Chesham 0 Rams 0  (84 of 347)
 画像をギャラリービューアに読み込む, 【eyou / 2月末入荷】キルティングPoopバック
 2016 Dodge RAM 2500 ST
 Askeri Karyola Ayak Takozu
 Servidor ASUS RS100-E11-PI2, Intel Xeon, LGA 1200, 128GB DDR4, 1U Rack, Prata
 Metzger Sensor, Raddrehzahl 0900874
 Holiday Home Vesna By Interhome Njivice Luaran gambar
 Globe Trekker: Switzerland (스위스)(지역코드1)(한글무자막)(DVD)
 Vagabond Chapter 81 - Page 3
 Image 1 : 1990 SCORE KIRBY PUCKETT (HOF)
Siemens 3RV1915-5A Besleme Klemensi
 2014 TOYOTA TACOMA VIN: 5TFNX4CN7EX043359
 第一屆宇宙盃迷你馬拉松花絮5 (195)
▬▬▬▬▬▬
_INSTRUCTIONS FOR THE TASK_: The reply should consist solely of the lines above from the one that has "2016 Dodge RAM 2500 ST" through the one that has "Image 1 : 1990 SCORE KIRBY PUCKETT (HOF)", reproduced exactly.

_TASK SOLUTION_:
 2016 Dodge RAM 2500 ST
 Askeri Karyola Ayak Takozu
 Servidor ASUS RS100-E11-PI2, Intel Xeon, LGA 1200, 128GB DDR4, 1U Rack, Prata
 Metzger Sensor, Raddrehzahl 0900874
 Holiday Home Vesna By Interhome Njivice Luaran gambar
 Globe Trekker: Switzerland (스위스)(지역코드1)(한글무자막)(DVD)
 Vagabond Chapter 81 - Page 3
 Image 1 : 1990 SCORE KIRBY PUCKETT (HOF)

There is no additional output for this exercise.